К вечеру в ночлежку возвращаются работающие постояльцы. По словам одного из них — Валентина, большинство бездомных устроились дворниками или грузчиками, хотя некоторые находят работу и по специальности. Сам Валентин тоже работает дворником — за 7 тысяч рублей в месяц, от которых всецело зависит, поскольку в свои 65 лет получить пенсию не надеется, так как всю трудовую жизнь провел в Казахстане. И хотя паспорт гражданина Российской Федерации он все-таки получил, минимального трудового стажа, необходимого для получения пенсии, так и не набрал.
– Конечно, стаж у меня есть, и не пять лет, а больше — работал сварщиком, плотником, слесарем. Но когда я ходил в Пенсионный фонд, мне сказали: где ты работал до 1992 года — не считается. А я в 1992 году сюда приехал, и все здесь кручусь, — рассказывает Валентин Владимирович. — Когда мать переехала в Казахстан, я еще маленький был — пять лет. Решил на Родину съездить — все-таки здесь дядьки-тетки жили, братья двоюродные. На машине поехал выпивши, и слетел с трассы. Милиция меня задержала, забрала паспорт, отпустила под расписку, а паспорт оставила у себя. Потом меня освободили из зала суда — а паспорта нет. Как в Казахстан уедешь? Документы, что я гражданин России, не мог получить одиннадцать лет. Запросы туда шлют — Казахстан не отвечает. Только когда уполномоченному по правам человека написал, что милиция потеряла мой паспорт, мне выдали новый.
За прошедшие одиннадцать лет Валентин работал где придется, жил у родственников, пока те были живы.
– Воровать приходилось. Потом меня посадили, — вспоминает Валентин, и в его голосе слышится тревога. — Сейчас уже и мать умерла, и родственников нет. Вообще никого нет. Жена в Казахстане осталась. Заболей — и все, на улице окажешься. Здесь скоро надо будет платить за жилье, а вдруг работы не будет? Где деньги брать?
Теми же вопросами задается и 55-летний Федор, который, как и Валентин, работает дворником за те же 7 тысяч рублей.
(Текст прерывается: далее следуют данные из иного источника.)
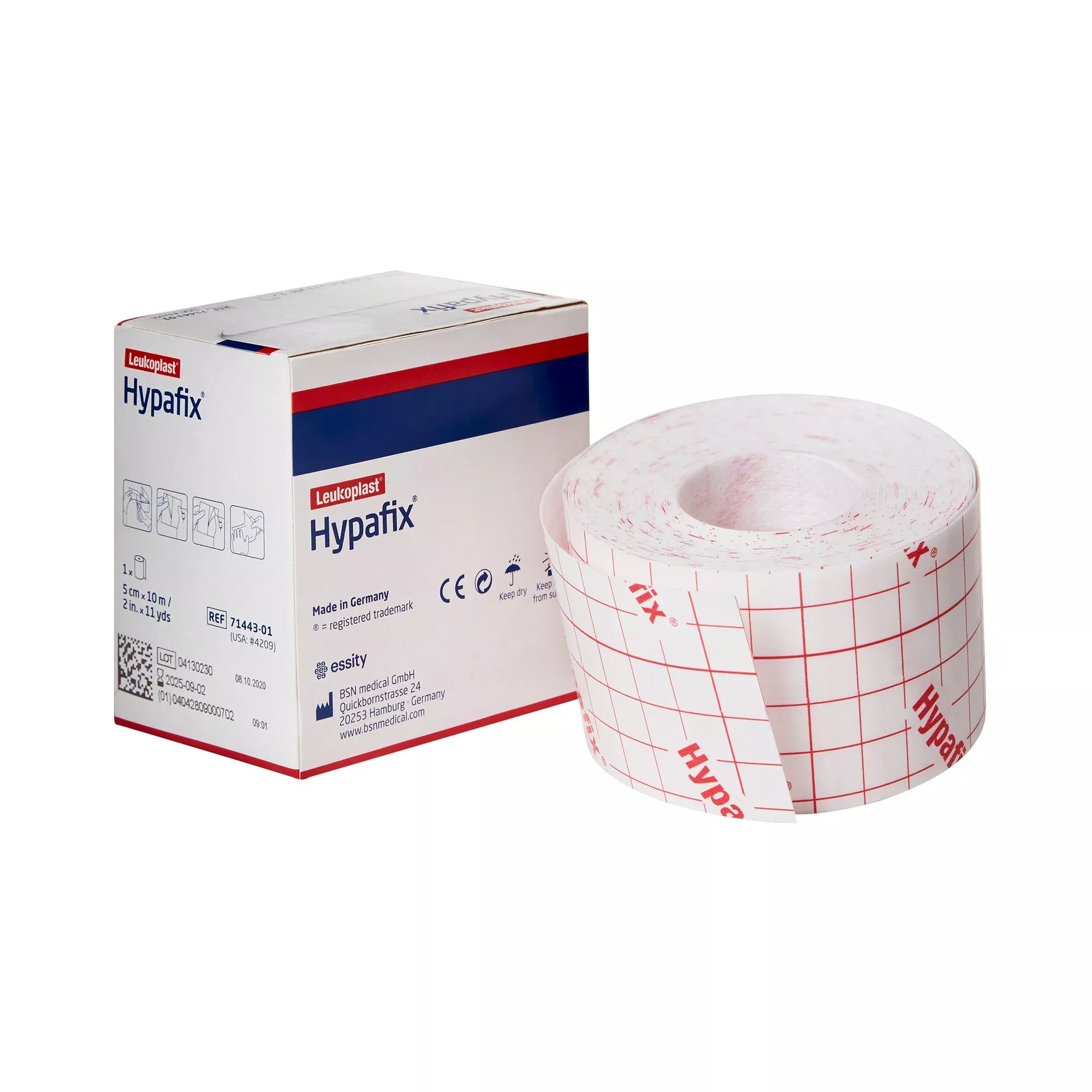 Hypafix Nonwoven Dressing Retention Tape, 2 Inch x 10 Yard, White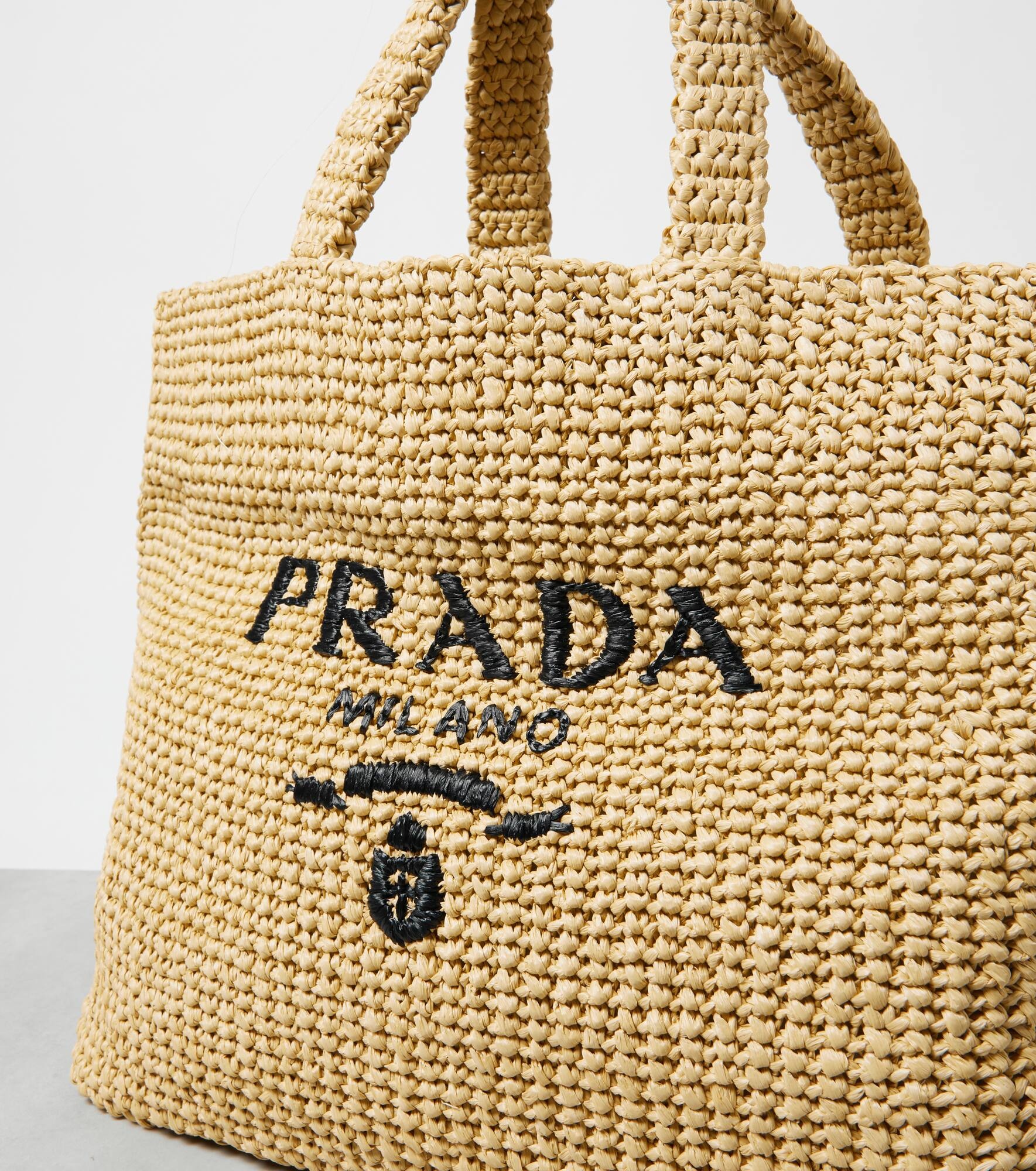 Medium logo raffia tote - 6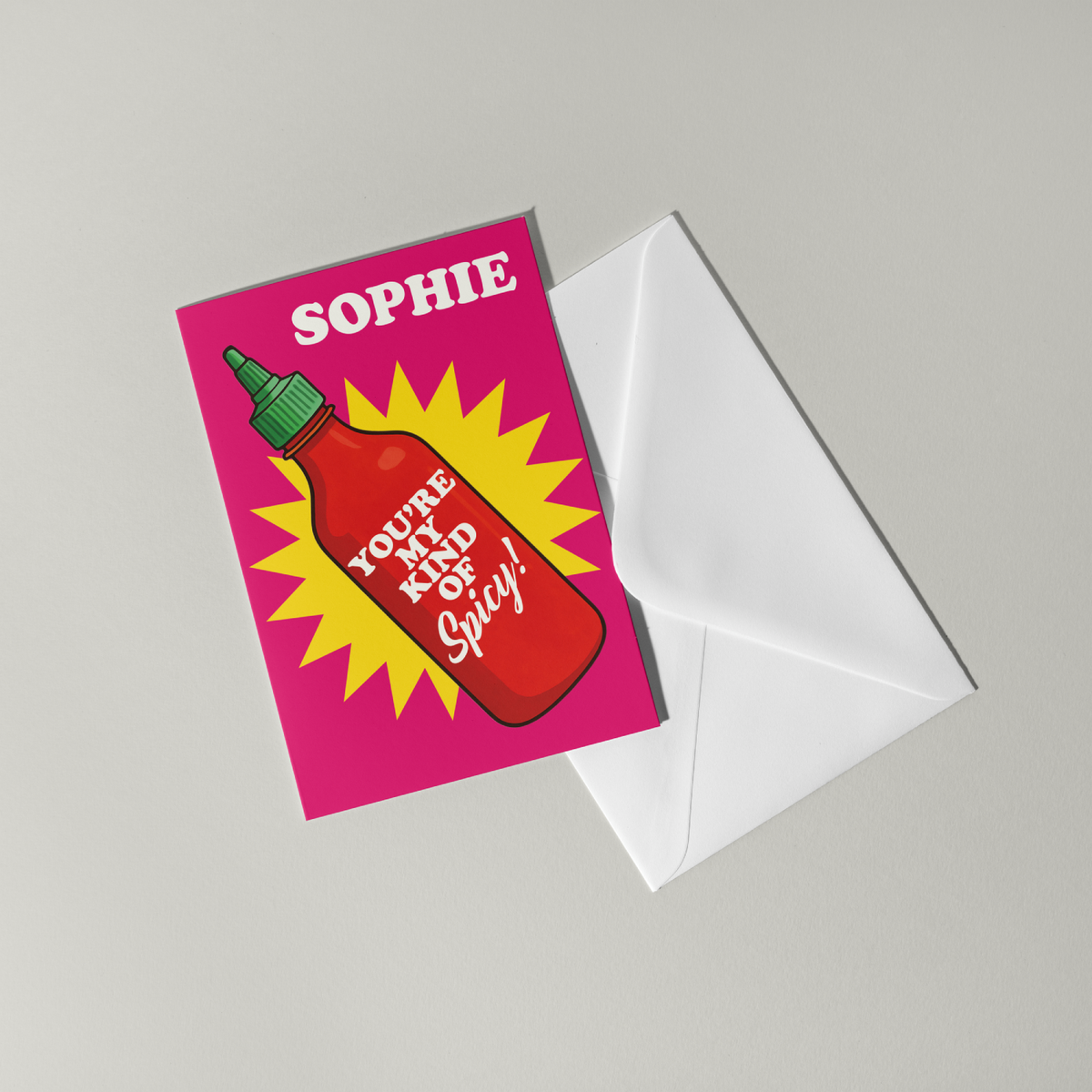 Funny Sriracha Personalised Greeting Card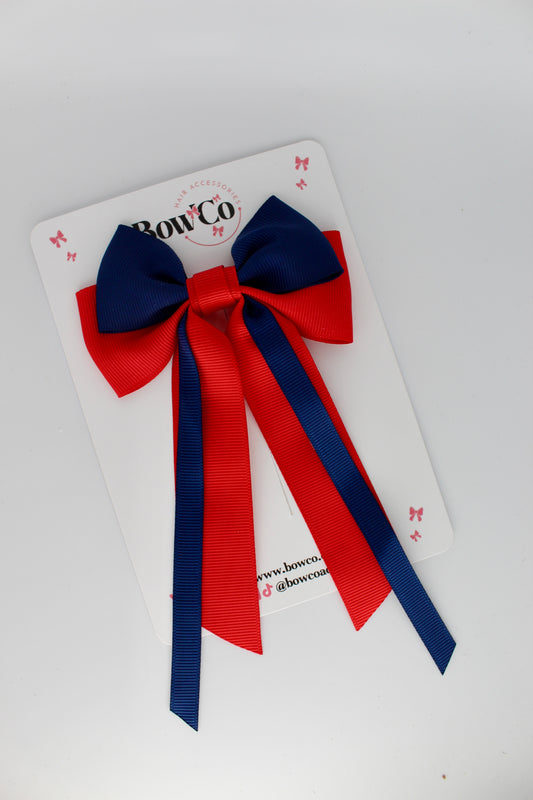 Streamer Tail Bow - Clip - Red and Navy Blue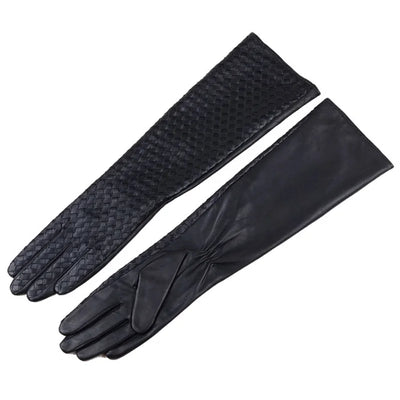Women’s Winter Genuine Leather Long Gloves - Opera Style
– Я бы хотел что-то свое найти: чем быстрей, тем лучше. Но хотел бы уйти так, чтобы не возвращаться сюда. Здесь режим, можно сказать, детский: около 10 вечера все уже в койках, — нехотя поясняет Федор. — Я стремлюсь куда-то, но пока ничего не получается. Хотя мизерная работа есть — на жизнь хватает. Но мне кажется, до пенсии я не доживу. Да бывает, и жить-то не хочется.
– До 1992 года в Советском Союзе была статья о борьбе с бродяжничеством и попрошайничеством, существовала огромная сеть так называемых лечебно-трудовых профилакториев (ЛТП). Если человек в течение двух недель не устраивался на работу, к нему приходил участковый — грозил пальчиком. Если человек не понимал, его определяли в ЛТП, и там он трудился. Плохо или хорошо, но своим трудом он приносил пользу.
Потом эта масса людей выплеснулась на улицу, и никто не знает, что с ней делать. Добавьте сюда «горячие точки», которые выкинули на улицу море народу. Добавьте беженцев и погорельцев. Какая армия людей бродит по улицам России? Исследование показывает, что к нам приходит всего лишь пятая часть бездомных. С коллегами в Москве мы посчитали, что по всей стране за пять лет через наши 68 учреждений прошло 2,5 миллиона человек. А айсберг весь внизу, — говорит Андрей Волков.